(Data shown)

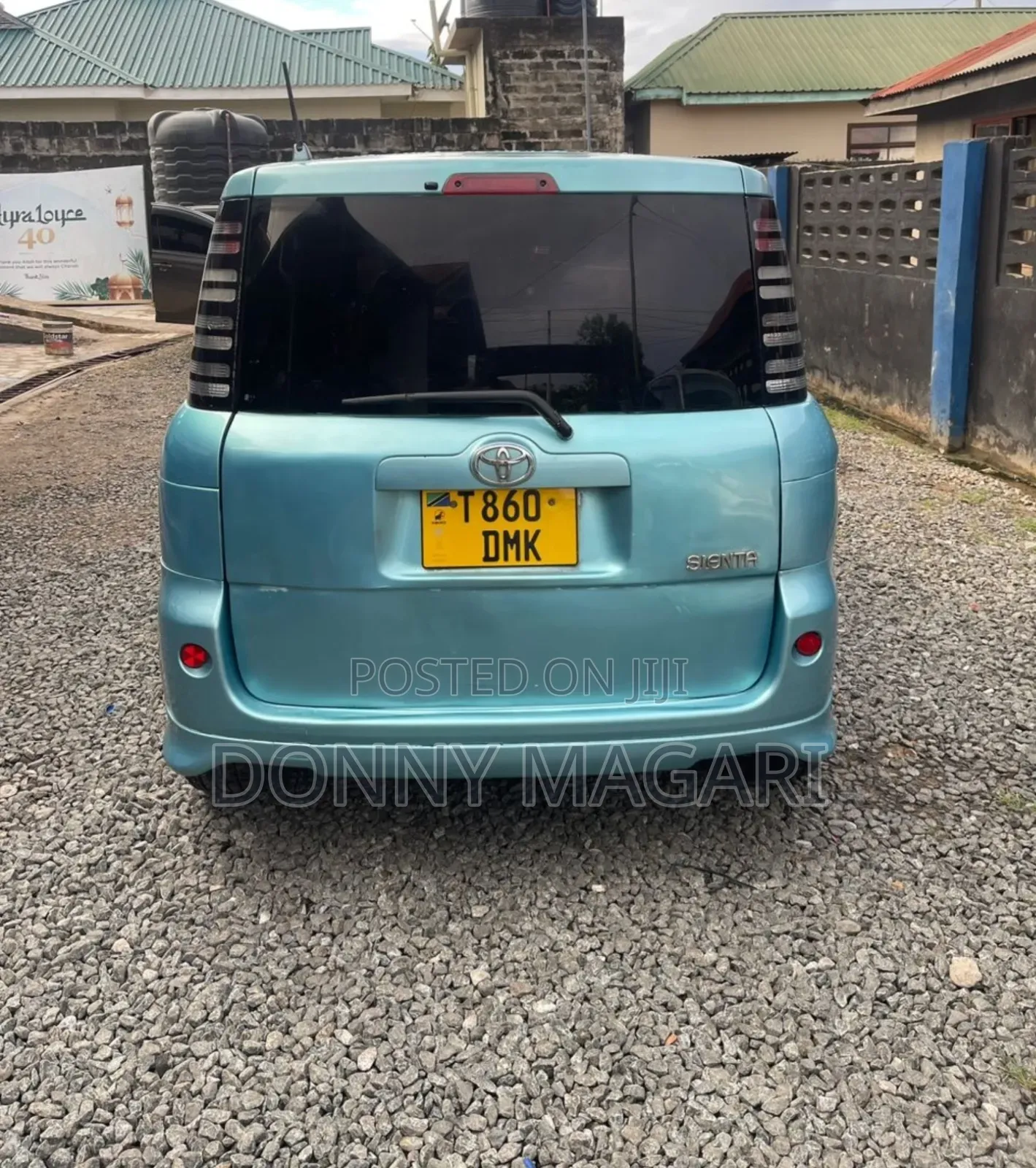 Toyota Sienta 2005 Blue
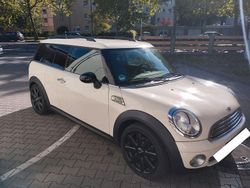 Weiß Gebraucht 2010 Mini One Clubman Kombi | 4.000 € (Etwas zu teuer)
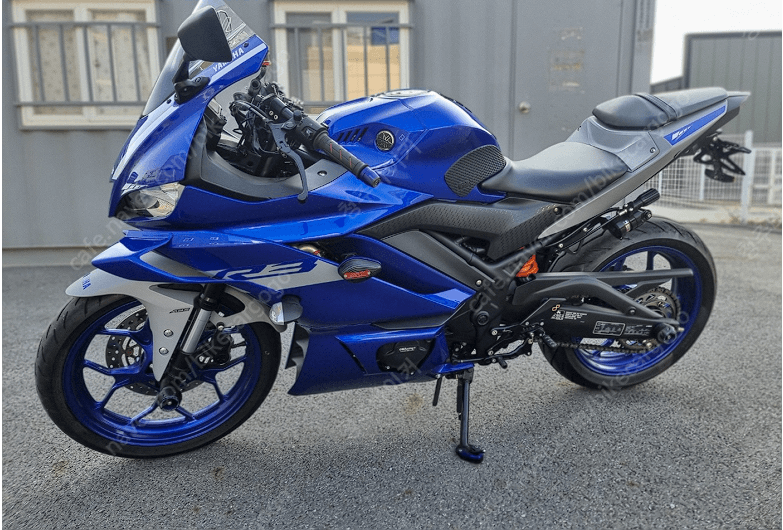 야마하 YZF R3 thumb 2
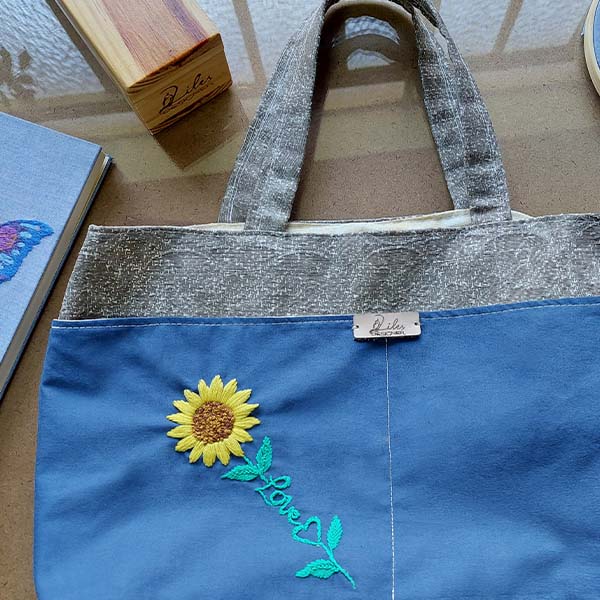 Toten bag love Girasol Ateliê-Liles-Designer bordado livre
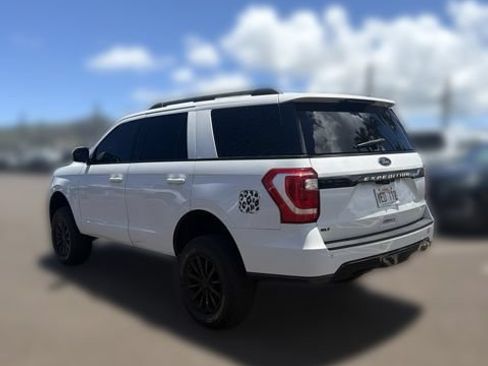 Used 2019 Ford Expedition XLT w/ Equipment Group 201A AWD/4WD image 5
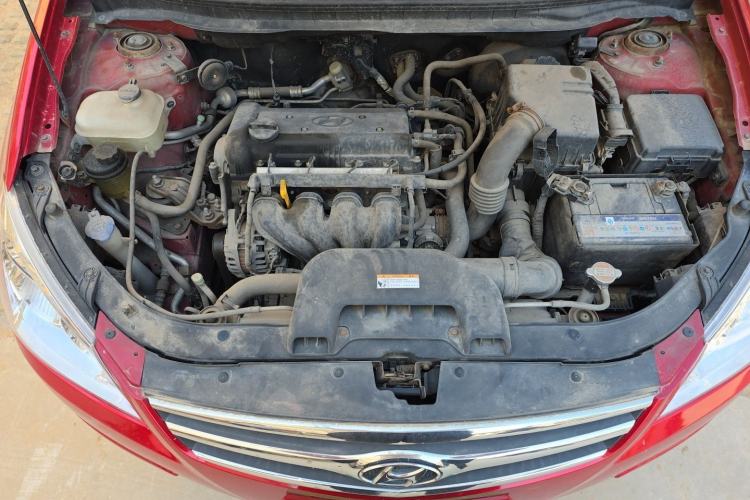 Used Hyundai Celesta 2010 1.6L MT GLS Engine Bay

(End Data shown)
(Data shown)

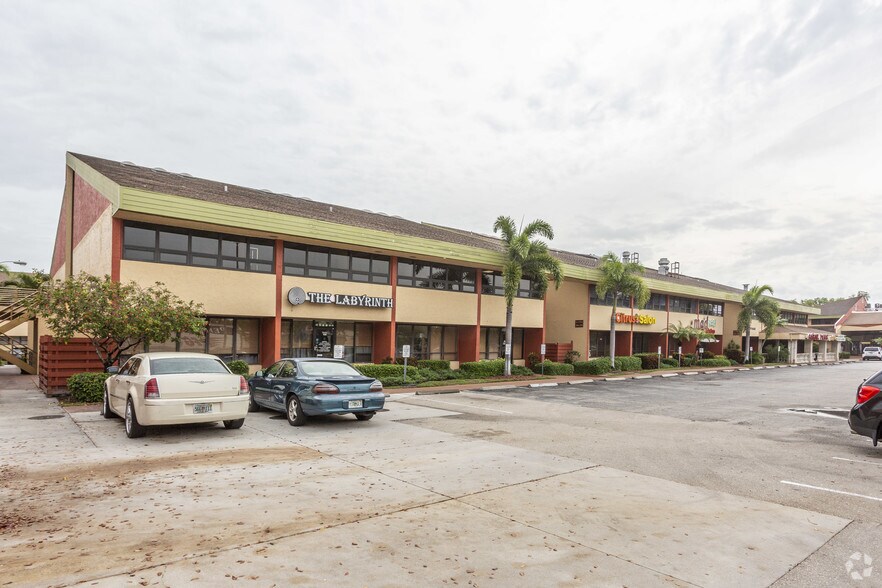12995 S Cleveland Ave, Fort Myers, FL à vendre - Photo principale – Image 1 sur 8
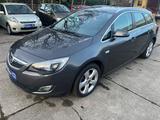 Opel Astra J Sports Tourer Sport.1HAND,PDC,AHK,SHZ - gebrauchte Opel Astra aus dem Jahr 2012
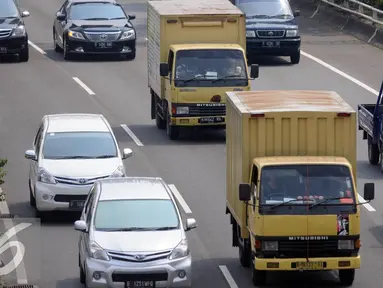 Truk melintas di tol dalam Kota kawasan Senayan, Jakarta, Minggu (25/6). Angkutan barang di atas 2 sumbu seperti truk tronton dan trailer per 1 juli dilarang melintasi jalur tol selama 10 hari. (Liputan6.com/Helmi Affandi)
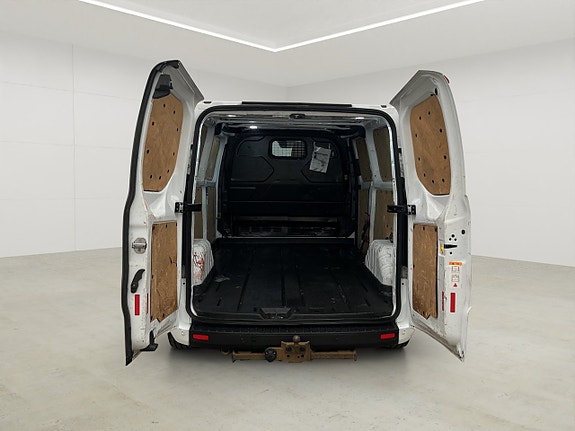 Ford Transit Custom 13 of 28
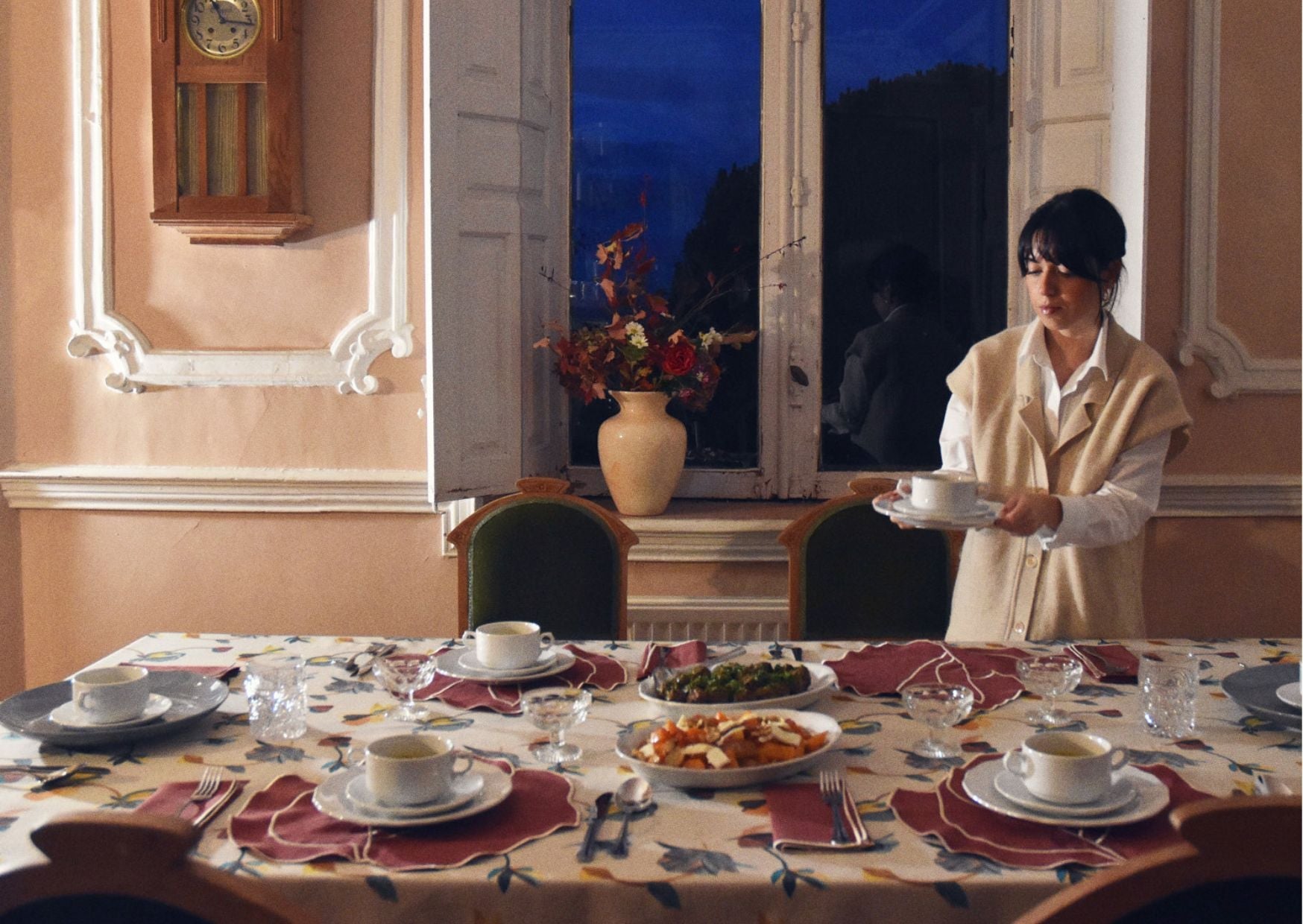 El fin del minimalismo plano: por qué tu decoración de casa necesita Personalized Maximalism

(End Data shown)

● Task directions
Leave the pictures out, and transcribe exactly the lines above starting at the one that contains "12995 S Cleveland" and ending at the one that contains "El fin del minimalismo".

● Answer to the exercise
12995 S Cleveland Ave, Fort Myers, FL à vendre - Photo principale – Image 1 sur 8
 Opel Astra J Sports Tourer Sport.1HAND,PDC,AHK,SHZ - gebrauchte Opel Astra aus dem Jahr 2012
 Truk melintas di tol dalam Kota kawasan Senayan, Jakarta, Minggu (25/6). Angkutan barang di atas 2 sumbu seperti truk tronton dan trailer per 1 juli dilarang melintasi jalur tol selama 10 hari. (Liputan6.com/Helmi Affandi)
 Ford Transit Custom 13 of 28
 El fin del minimalismo plano: por qué tu decoración de casa necesita Personalized Maximalism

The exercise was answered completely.